A month ago, Michael Rosenberg spent the weekend in a dog pen at Miami-Dade animal services to promote a special adoption event and to draw attention to the Pets Trust ballot measure that Miami-Dale County voters overwhelmingly supported when they went to the polls yesterday.

By a two to one margin, county residents said with their votes that they are willing to add a few dollars to their property tax bills in order to help Miami Dade Animal Services move toward a no- kill model of operation by providing services and education to that end. The proposal provides for property tax financing of spay/neuter clinics and animal welfare. Property owners would pay $10 on a $100,000 property. County Commissioners, who have already taken a no-kill proposal under consideration, are expected to move forward based on voters’ approval of the measure.
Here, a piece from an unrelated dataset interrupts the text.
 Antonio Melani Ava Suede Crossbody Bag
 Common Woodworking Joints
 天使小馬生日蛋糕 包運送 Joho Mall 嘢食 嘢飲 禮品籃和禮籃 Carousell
Currently, animal services takes in tens of thousands of cats and dogs every year, the majority of whom are killed for space before they can be adopted.
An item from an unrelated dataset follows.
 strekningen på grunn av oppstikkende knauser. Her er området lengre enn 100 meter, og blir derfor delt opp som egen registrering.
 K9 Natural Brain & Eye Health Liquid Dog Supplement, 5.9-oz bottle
Pets’ Trust Initiative members will now begin planning for the creation of a 13- to 15-member volunteer board of animal advocates and experts to oversee how the estimated $20 million raised annually would be used to provide  free and low-cost spay/neuter and veterinary care and public awareness and education programs promoting responsible pet ownership. A national advisory board will provide oversight.
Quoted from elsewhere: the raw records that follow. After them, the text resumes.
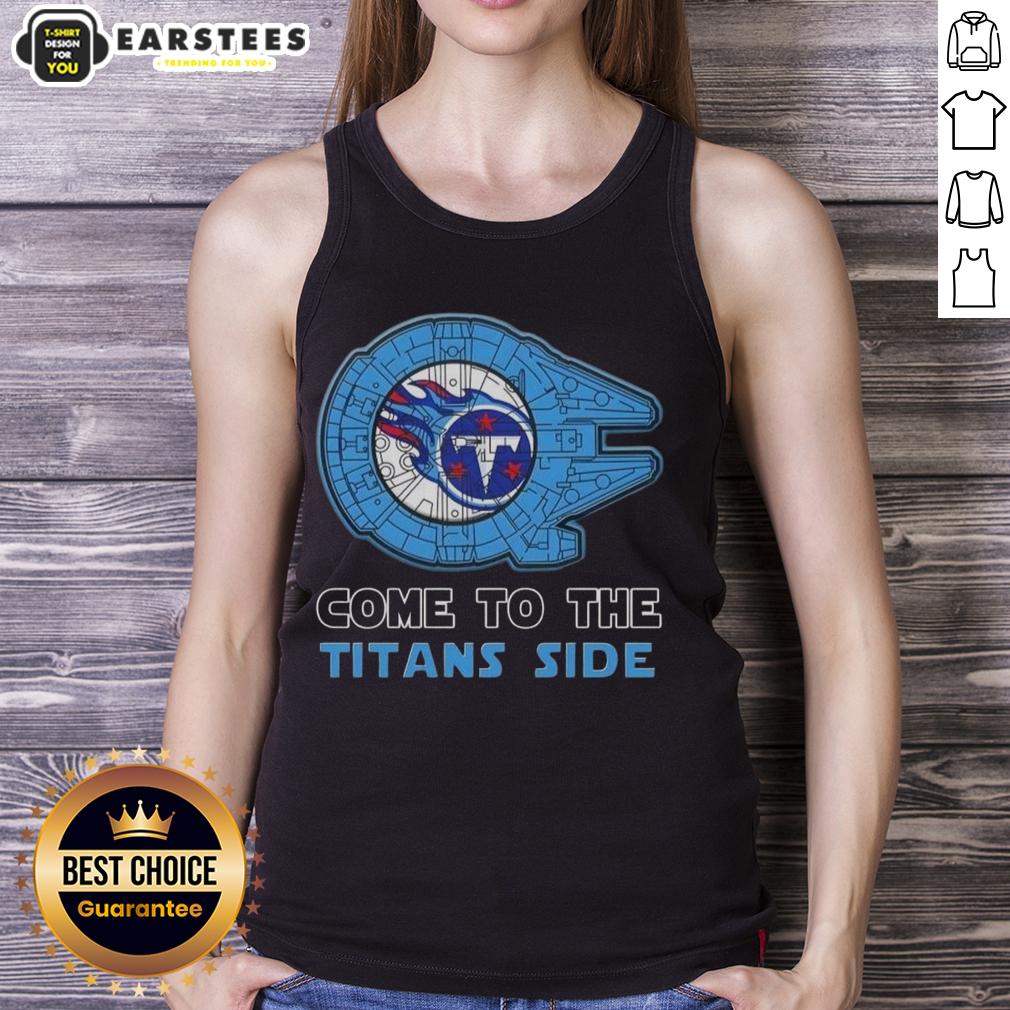 Awesome Star Wars Come To The Tennessee Titans Side T-Shirt - Image 4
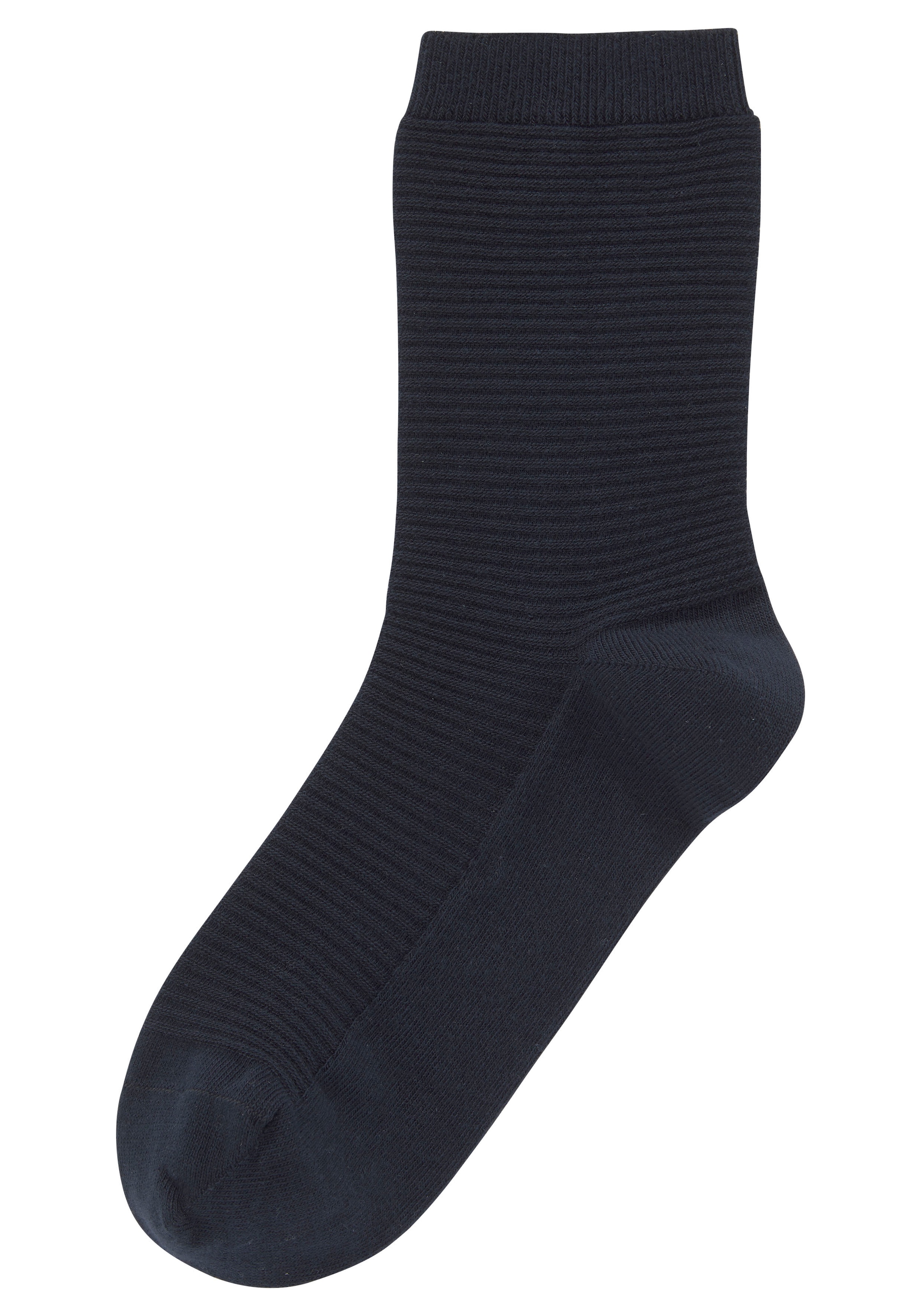 Bench. Basicsocken, (Packung, 6 Paar), in Rippstruktur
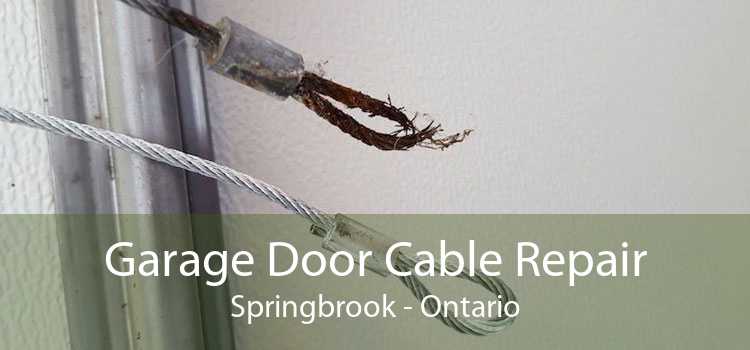 Garage Door Cable Repair Springbrook - Ontario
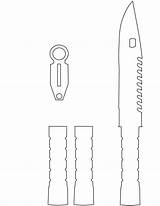 M9 Bayonet Bayoneta Cardboard Armas Instructable Bowie Cuchillos Carving sketch template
MDAS director Alex Muñoz is quoted in today’s Miami Herald, saying  “We will work with the community and our elected officials to implement new and expanded life-saving programs to increase the amount of pets saved, re-homed, and sterilized. The passage of this referendum is providing us with opportunities not previously available.’’
 

Michael Rosenberg founded the Pets Trust, which he modeled after the Children’s Trust, in 2011.  The Pets Trust grew from Michael’s own tragic experience with last year’s deadly panleukopenia or “cat plague” outbreak at Miami-Dade that took dozens of lives.

 

Michael adopted a  6 week old little kitten name Wren, or to hear him tell it, she adopted him, a year ago.  With Wren  settled on his couch, Michael thought she was going to enjoy the next 15 years in her new home. That was not to be; Wren died just days after her adoption. “I started noticing that she was slowing down, couldn’t jump on the couch, didn’t want to eat, and when I walked in, she was dead on the floor,”  Michael said in a channel 10 interview broadcast on October 12, 2011.

 

MDAS confirmed that Wren was one of a small litter of kittens who brought panleukopenia to the shelter with them. The cats had not been vaccinated upon entry into the animal services facility, a simple step that would have prevented the outbreak from costing lives and becoming a bad situation for the shelter.

 
Wren’s death and the deadly outbreak that followed spurred Michael to take action to improve the lives of animals coming to the shelter, and to to help animal services staff in their efforts to help the animal

Pets’ Trust Miami describes itself as “a citizens’ initiative to improve animal welfare, increase adoptions and decrease overpopulation by providing free and low-cost spay/neuter, low-cost veterinary care and educational programs.”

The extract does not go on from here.